▶ [WORK REQUIRED] Having located "Point cover M8. Black-thumb-1" in the listing below, write out its line and every following line exactly, last line included, without the pictures.

▶ [GIVEN MATERIAL]
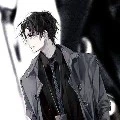 SETH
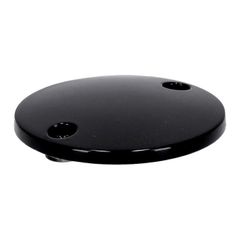 Point cover M8. Black-thumb-1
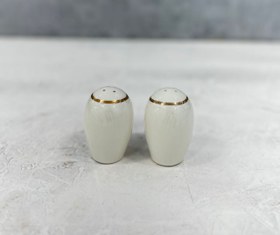 تصویر نمک پرسین الیزابت 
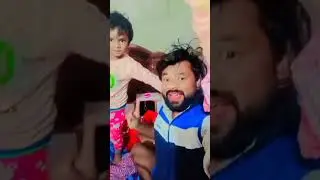 गुरु रविदास जी 👈 hai #funny #song #love #sad #whowillbemylifepartnerta #dance #4october #sorts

▶ [WRITTEN REPLY]
 Point cover M8. Black-thumb-1
 تصویر نمک پرسین الیزابت 
 गुरु रविदास जी 👈 hai #funny #song #love #sad #whowillbemylifepartnerta #dance #4october #sorts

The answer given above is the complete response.